**Date:** Sat, 04 May 2002 09:25:08 -0400

**Author:** James Frysinger

**Subject:** Re: Stopping Power

**Post:**

Yes, the watt is an SI unit, but I would not use the suggested equation to

calculate stopping power. The brakes on a car must dissipate the car's

kinetic energy (in joules) and if that energy is divided by the time (in

seconds) it takes to dissipate that energy then the brakes' stopping power

could be given in watts.

The essence of the problem is the force which is measured in newtons and the

distance measured in meters. Unless the car skids, the tires are static with

respect to the road so, within this rolling frame of reference, no real work

is done. The work is done (and the heat is dissipated) in the area of contact

in the braking system. The force that should be measured is the shear,

frictional force exerted by the brake pads on the disks (or shoes on the

drums) and the distance is the relative tangential displacement where they

come into contact.

Do a gedanken experiment to show that the gravitational field (and hence the

vehicle's weight) have nothing to do with the problem. Repeat the experiment

on the Moon. If the car's mass and velocity are the same at the start of both

the terrestrial and lunar trials, the same amount of kinetic energy must be

dissipated. In each of the two experiments, ensure that the same (kinetic)
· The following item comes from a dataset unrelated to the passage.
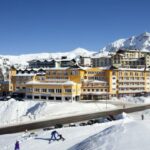 Ein großer gelber Hotelkomplex liegt auf einem verschneiten Hügel mit Bergen im Hintergrund; Menschen gehen in der Nähe des Gebäudes spazieren und Autos sind entlang der Straße geparkt.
frictional force is exerted by the brake pads and one can see that the

vehicle will stop within the same time interval. The two vehicles have

different weights (the one on the Earth being about 6 times as large) and

their speeds are the same at the start of the experiment. Thus the proposed

equation incorrectly predicts the stopping power (rate of dissipation of

kinetic energy). One must only ensure that the transmitted force at the area

of contact does not exceed the maximum available static frictional force in

order to prevent skidding. Once skidding starts, then some of the stopping

power is provided by the relative motion of rubber on asphalt. Even in South

Carolina, skidding stops are not considered the norm.

The above ignores the energy lost in the flexion of the tires and the

internal work done by this process in them. Since the vehicle weight on the

Earth is larger, more flexion will occur and hence more internal work will be

done. But nearly all of a car's kinetic energy is dissipated by the brakes in

a non-skidding stop and energy loss in the tires due to flexion is a process

that occurs even before braking occurs.

This is an excellent question to put before a class near the end of the unit

on work and energy! Thanks for suggesting it, though that was not your main

point, Duane. It also serves to show that, while unit analysis can reveal

errors in an equation, one can be misled by unit analysis into assuming that

an equation is correct, as this radio station may have done.

Jim

On Saturday, 2002 May 04 0826, you wrote:

> Greetings,

>

> Letting the unit do the talking, speed (m/s) times weight (N) gives

> (N.m/s) which is (J/s) which is a (watt). Is that not a SI unit?

>

> Dick

....

> -----Original Message-----

> From: Duane Warn

> Sent: Thursday, May 02, 2002 11:11 AM

> Subject: Stopping Power

>

> Hi all,

>

> The new advertisement on the radio for wearing seat belts uses

> Stopping Power.

>

> Stopping Power = Speed X Weight .... It's simple physics!

>

> I think this should be added to the set of new SI units.

>

> Duane

>

> Boise State U.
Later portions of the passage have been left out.